Repeated heatwaves broke maximum temperature records, culminating in the epic days of 11-12 February that pushed the mercury beyond 45C in many parts of the state. Devastating fires consumed whole villages and wildlife perished from exposure to the heat.
Analysis of the events by a team from World Weather Attribution and the University of New South Wales found the record average heat could “be linked directly to climate change”.
The researchers used two different modelling approaches and both returned a similar conclusion.
“We see that average summer temperatures like those seen during 2016-2017 are now at least 50 times more likely in the current climate than in the past, before global warming began,” the researchers said in a document released on Thursday.
High single-day maximums were also found to have been made more likely`. In this case by a factor of 10. Under previous atmospheric conditions, such temperatures would have occurred just once in 500 years. Now they can be expected every 50 years.

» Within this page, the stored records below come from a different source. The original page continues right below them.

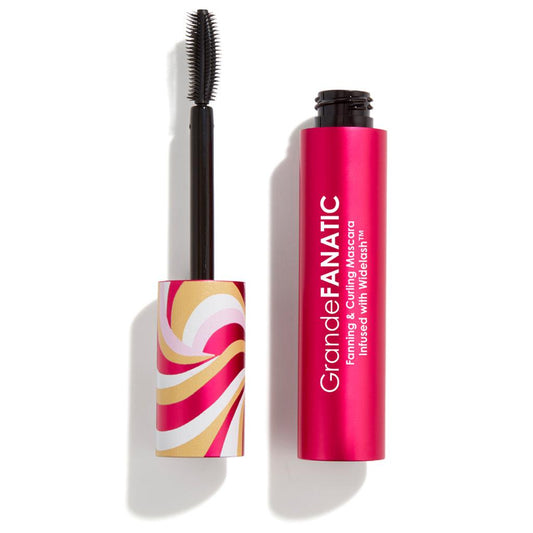 Grande Cosmetics Grandefanatic Fanning & Curling Mascara Infused With Widelash™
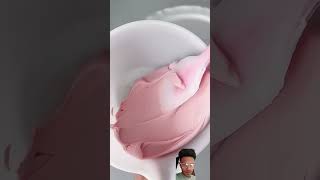 How to make 🫐Blueberry Cheese Cake  Very Unik design  ChefAliakbar shortvideo cakedecorating [upl. by Moreta]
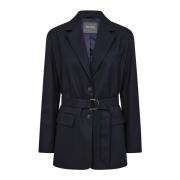 Elegant Navy Blazer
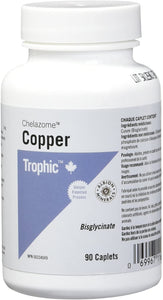 Chelazome Copper 2mg (90 capsules)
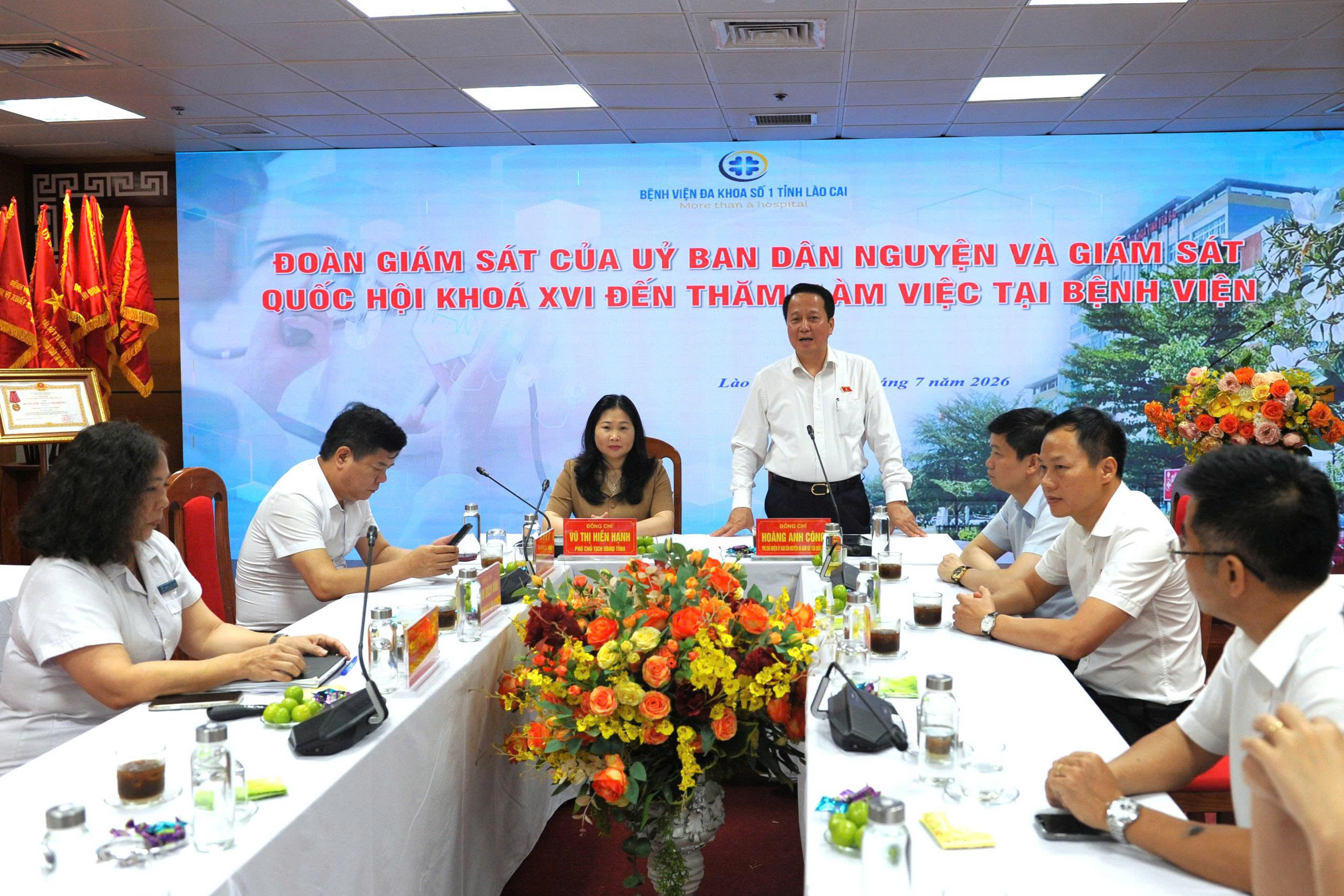 Gallery - Khảo sát thực tế tại Lào Cai, kiến nghị tháo gỡ 'điểm nghẽn' nhân lực cho y tế cơ sở - image 2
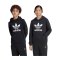 adidas Originals Hoody Kids Schwarz - schwarz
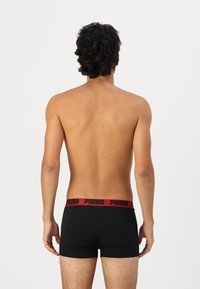 Puma MEN EVERYDAY 6 PACK - Boxer alsónadrág - red/teal/forest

“The heat seen this past summer across parts of Australia is still rare in our current climate. However, if greenhouse gas emissions are not dramatically reduced, intense summer heat will become the norm in the future,” said the scientists.
The earth’s surface has warmed roughly 1C since the industrial revolution began. If the world warms to 2C, which is the upper limit set by the Paris climate agreement, extreme summer heat like this summer will happen every five years.
At a local level, the signal of climate change is more difficult for researchers to pick out. They looked at a heatwave that struck Australia’s capital city of Canberra from 9-11 of February and found that such weather was 50% more likely to have occurred in 2017 than it would have been in the past.
Geert Jan van Oldenborgh, who worked on the research from the meteorological bureau of the Netherlands, said that while the results themselves had been released before being reviewed by fellow scientists, the methodologies had been tested.
“We are moving towards a situation that these kind of attribution studies are not peer-reviewed themselves but based on peer-reviewed methods. Just like a seasonal forecast, or indeed a weather forecast. If the situation has novel aspects we tend to write a scientific article about it afterwards, but I do not think that this one qualifies given the amount of work that has already been published on heat waves and warm seasons in Australia,” said van Oldenborgh.